**HOW TO COMPLETE THIS TASK:** Pictures are to be dropped from the copy. Retype the listing exactly.

**DATA SECTION:**
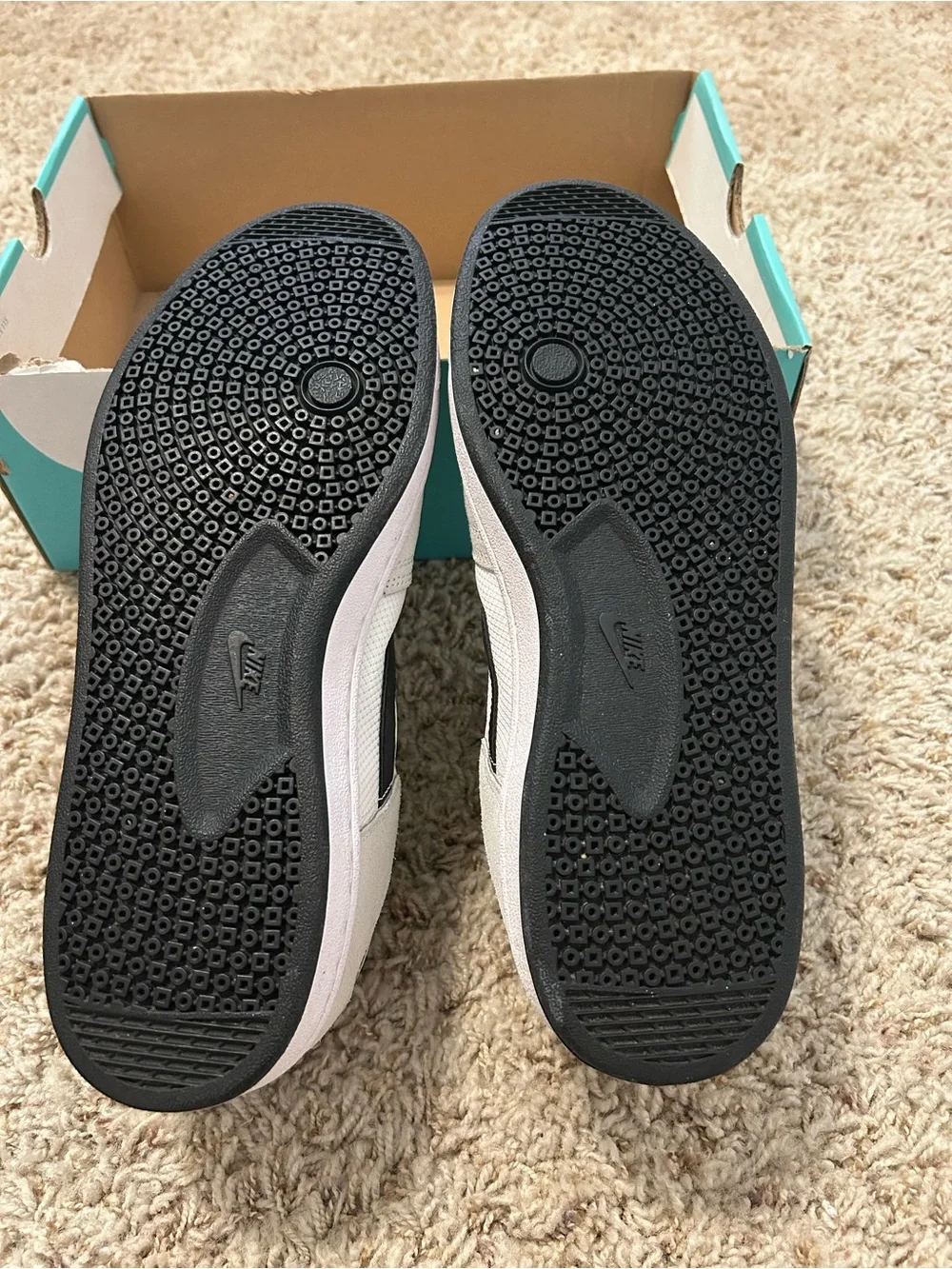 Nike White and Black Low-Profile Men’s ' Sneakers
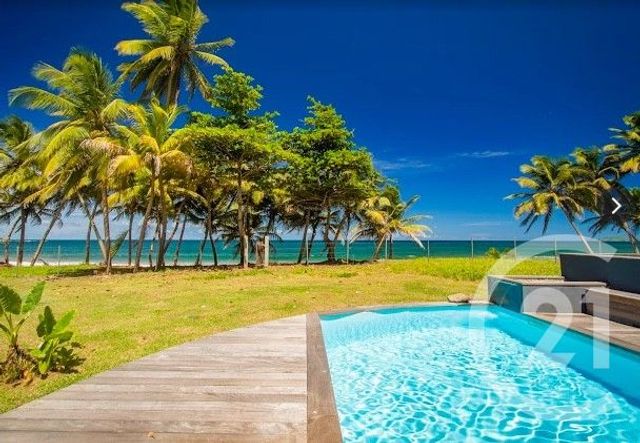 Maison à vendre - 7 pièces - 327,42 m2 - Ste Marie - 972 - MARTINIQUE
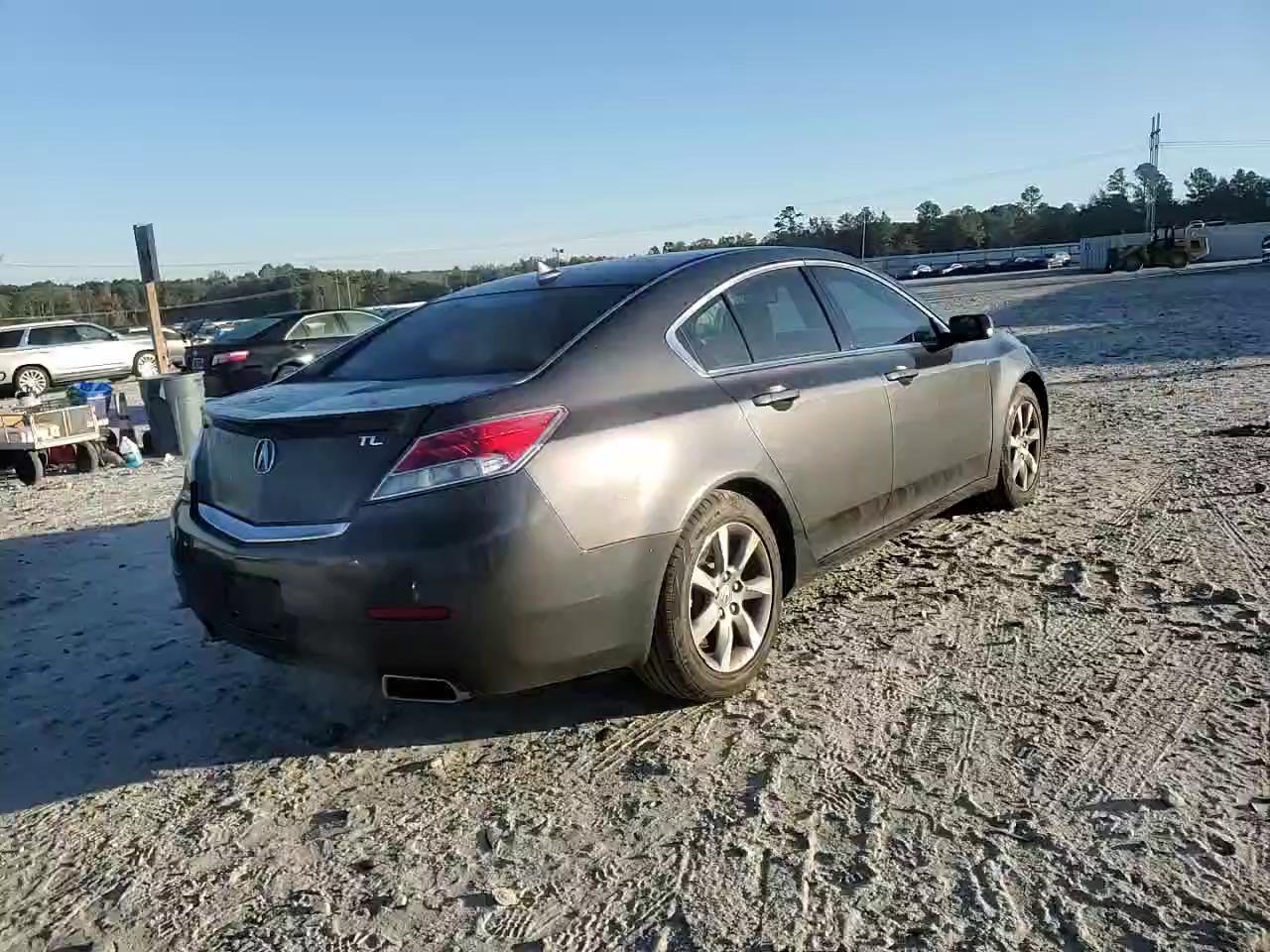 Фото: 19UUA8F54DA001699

**RESPONSE:**
 Nike White and Black Low-Profile Men’s ' Sneakers
 Maison à vendre - 7 pièces - 327,42 m2 - Ste Marie - 972 - MARTINIQUE
 Фото: 19UUA8F54DA001699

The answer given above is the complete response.